Von Nils DemetryRSS-Newsfeed neuer Artikel von Nils Demetry

Haftbefehl, Offenbacher Gangster-Rapper kurdischer Herkunft, schafft es mit seinem Album Russisch Roulette ins Feuilleton und wird dort frenetisch gefeiert („Der Künstler taufte sich auf den Namen des Dokuments, das ihn juristisch als Problemfall klassifizierte. Foucault hätte gejuchzt.“); mit 105 Mio. Streams ist Genre-Nachbar Kollegah aus Düsseldorf der am häufigsten gestreamte deutsche Musiker auf der Plattform Spotify: 2014 war nun wirklich kein schlechtes Jahr für deutschen ‚Hip-Hop‘. Und noch etwas anderes ist passiert: „Ob Sookee, Antilopengang, Kobito, Tapete oder Tick Tick Boom. Das Jahr 2014 hat uns auch zahlreiche Rapalben aus der linken Szene beschert.“ So sah es zumindest das Fachmagazin Juice. Seither geht ein neues Gespenst um in Musik-Deutschland (obendrein eines, mit dem sich weiterhin prima viele Schallplatten verkaufen lassen): Die Rede ist vom ‚linken Rap‘. Kaum eine Musikzeitschrift, die derzeit ohne Aufmacher („Rap von links“, Musikexpress) zur Antilopengang oder zu Zugezogen Maskulin auskommt und auch die akademische Welt entdeckt das Thema ‚Rap und Politik‘ derzeit (neu): An der Uni Bielefeld wurde noch im Dezember über „Politische[n] Rap – Zwischen Rebellion und Warenform“ debattiert, für nächstes Jahr ist der Sammelband „Rap und Zeitdiagnose“ (Hg.: Marc Dietrich) geplant.

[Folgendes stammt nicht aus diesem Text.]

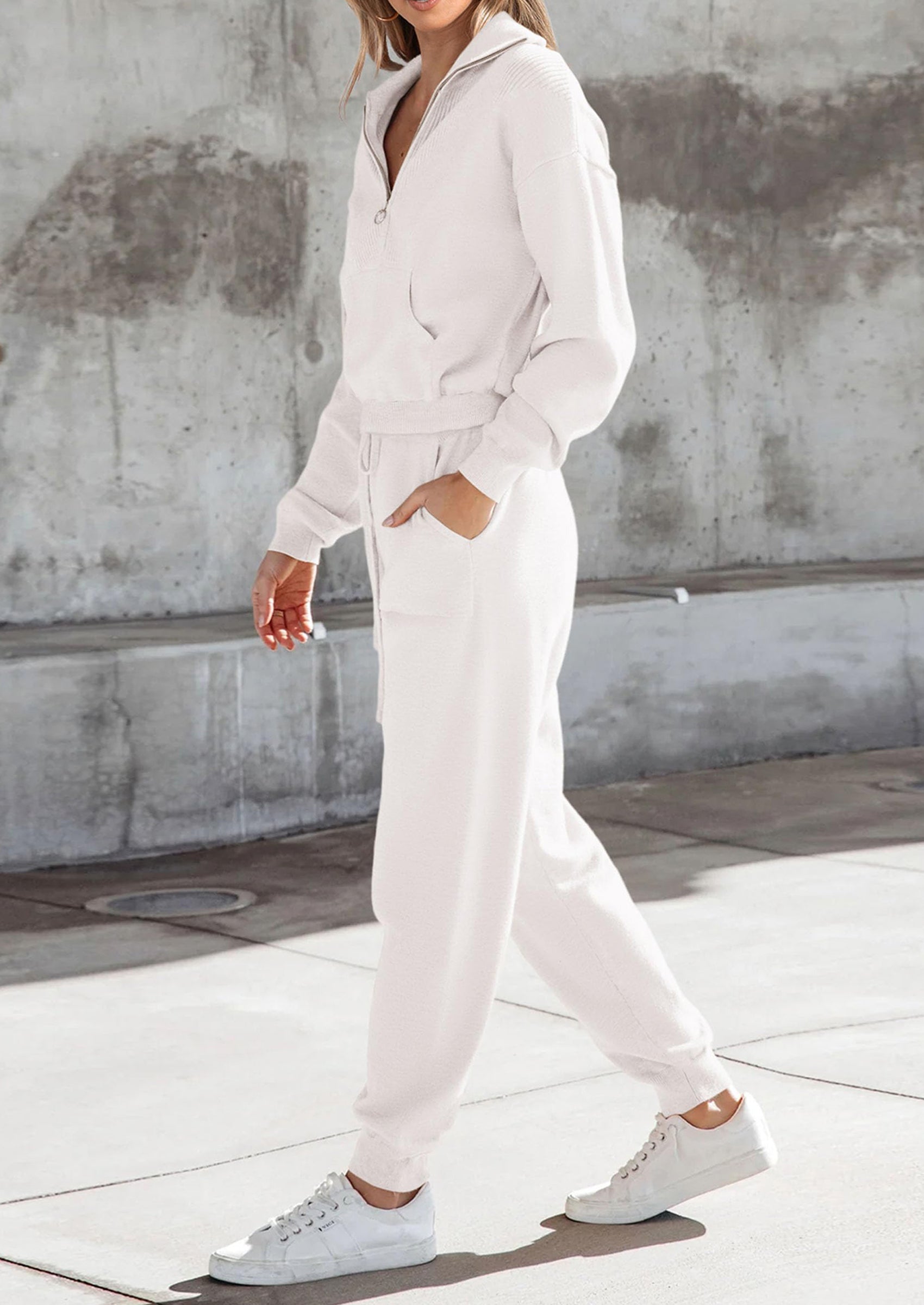 Women's 2 Piece Sweater Set Pullover Zip Up Sweatshirt Jogger Sweatpants Tracksuit Casual Outfit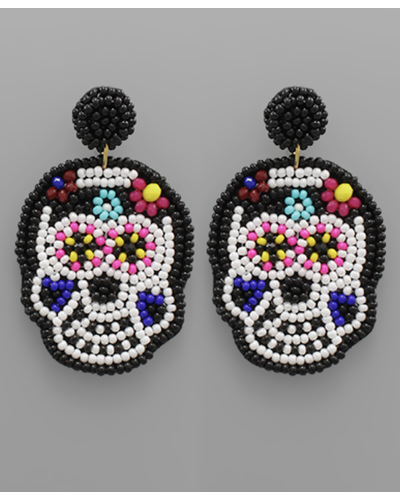 skull bead earrings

Dabei muss man gar nicht Diedrich Diederichsen mitsamt seinem sehr weiten Begriff von Pop bemühen, um zu konstatieren, dass die Frage nach ‚linkem‘ bzw. ‚politischem Rap‘ gleichzeitig eine Frage nach einem ebenso geprägten Pop und keineswegs neu ist. Und zwischen den Textwelten der Pop-Linken der Neunziger und der des linken Raps lassen sich, so die These dieses Essays, thematische bzw. diskursive Kontinuitäten feststellen. Möglicherweise hat der ‚linke Rap‘ inzwischen sogar das Feld übernommen, das die „klassische“ deutsche Poplinke irgendwann (aus welchen Gründen auch immer) nicht mehr bedienen konnte oder wollte – auf den obskuren Eskapismus, in den sich beispielsweise Tocotronic inzwischen verabschiedet haben, sei hier nur am Rande verwiesen, ohne diese provokative These zu entfalten.

Um zumindest einmal die oben angedeuteten Kontinuitäten aufzuzeigen, sollen exemplarische Liedtexte zweier – auf den ersten Blick sehr unterschiedlicher sowie nicht vollumfänglich repräsentativer – Bands auf Körper- bzw. Machtdiskurse und hin untersucht und verglichen werden: zum einen die der Hamburger Band Blumfeld um den Sänger Jochen Distelmeyer, die von 1990 bis zu ihrer Auflösung im Jahr 2007 insgesamt sechs Studioalben veröffentlichte, und zum anderen die des seit 2005 aktiven Kölner Rapduos Retrogott und Hulk Hodn, das man durchaus dem ‚linken Rap‘ zurechnen darf. Gleichzeitig wird bewusst außer Acht gelassen, dass „politische Inhalte in deutschsprachiger Rapmusik nicht nur implizit , sondern – etwa durch Gruppen wie Advanced Chemistry, Anarchist Academy oder im Rahmen des HipHop-Partisan-Netzwerks – auch explizit und programmatisch bereits seit spätestens Anfang der 1990er Jahre von Bedeutung waren.“ (Martin Seeliger – Deutschsprachiger Rap und Politik, in: Pop-Zeitschrift [17.02.2015]).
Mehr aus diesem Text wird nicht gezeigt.